Some businesses plan to continue the work-from-home approach for months to come, including Klick Health in Toronto, a pharmaceutical marketing company where Sharmila Sivasankaran works as vice-president of quality assurance.

Ms. Sivasankaran, the mother of two small children, says she’s happy that her company told employees Wednesday that it won’t be reopening its offices until at least January, allowing her to keep her four-year-old daughter and nine-year-old son at home. “Parents, people first versus being back in the office,” is how she describes her employer’s attitude.

For others, however, harder choices await. Chantalle Menard, who works as an accountant for a Toronto-area company, is struggling to figure out how to comply with her employer’s requirement that she return to head office after months of working from home.
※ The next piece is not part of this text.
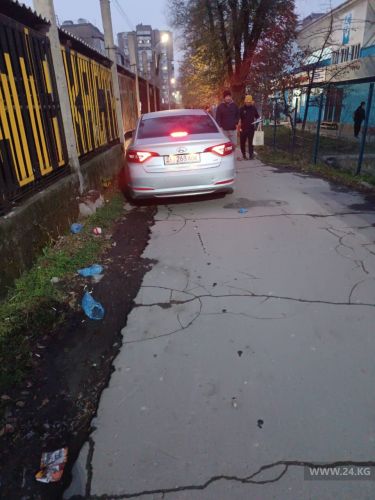 читателя 24.kg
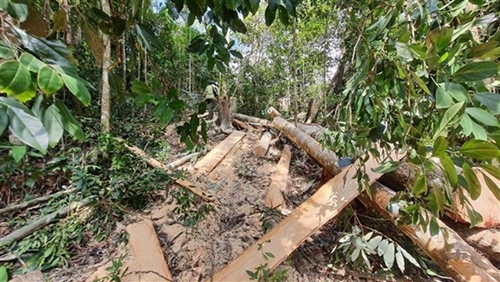 Bình Thuận Xử lý hình sự 4 vụ vi phạm về hủy hoại rừng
That requirement was described as a request, but it didn’t feel that way, she says. “You get asked, but it’s not really asking.”

She’s not convinced that schools are safe for her three children, ages 15, 11 and eight. As a single parent, she’s not able to take an unpaid absence or make do with government emergency benefits. Adding to the stress: She suffers from two autoimmune diseases that she believes puts her at elevated risk to the coronavirus.

So far, her best solution is hiring a babysitter to supervise her kids’ online learning while she’s at work, at the hefty cost of $350 a week. For Ms. Menard, 40, being asked to navigate between her family’s health and financial survival has been gruelling. “I’ve beat myself up, left, right and centre.”